Moreover, Micromet established a phase 1/2 clinical trial in pediatric and adolescent patients with advanced stage ALL in both Europe and the United States. This trial builds on the experience of pediatric patients treated with blinatumomab on a compassionate-use basis.
Micromet’s pipeline has 11 products; eight of them are developed through the BiTE technology and three are conventional monoclonal antibodies. Probably good news is that the most advanced BiTE products are wholly owned by Micromet and the rest are partnered.

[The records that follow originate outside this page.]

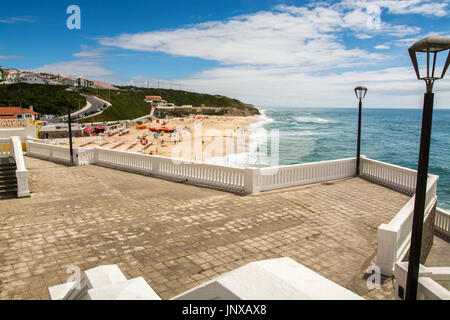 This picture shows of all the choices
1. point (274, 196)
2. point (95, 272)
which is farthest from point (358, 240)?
point (95, 272)

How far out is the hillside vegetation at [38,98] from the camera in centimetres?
8569

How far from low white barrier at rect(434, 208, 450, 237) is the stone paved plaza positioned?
2082 millimetres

In March and November 2010, the firm had successfully raised a total of $145.8 million in net proceeds from two public offerings of common stock. Combined with revenues being received from collaborations, the cash is sufficient to advance and expand the firm’s clinical development programs. According to Micromet’s projections, the cash reserves will fund the firm’s operations into 2013.
All the above constitute reasons for optimism about Micromet. If the current optimism remains intact backed with good news from clinical trials, MITI’s value will definitely grow following the announcement of data from each trial. In the event of approval, we believe, the sky’s the limit for Micromet’s capability to cure cancers and generate income.
Disclosure: We do not own shares in Micromet and we do not intend to buy any for the next three months.